● **Goal of the exercise**
Nothing below is to be printed except the lines between the line holding "ASOS DESIGN –" and the line holding "Sampson 4601-GAL Hardwood", inclusive, each exactly as it appears.

● **Raw data**
* * * * * * *
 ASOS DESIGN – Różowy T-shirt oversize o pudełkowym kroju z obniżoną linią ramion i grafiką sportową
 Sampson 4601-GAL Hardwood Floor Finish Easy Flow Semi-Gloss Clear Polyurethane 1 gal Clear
* * * * * * *
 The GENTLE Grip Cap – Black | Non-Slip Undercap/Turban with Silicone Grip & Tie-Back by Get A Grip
* * * * * * *
● **Problem solution**
 ASOS DESIGN – Różowy T-shirt oversize o pudełkowym kroju z obniżoną linią ramion i grafiką sportową
 Sampson 4601-GAL Hardwood Floor Finish Easy Flow Semi-Gloss Clear Polyurethane 1 gal Clear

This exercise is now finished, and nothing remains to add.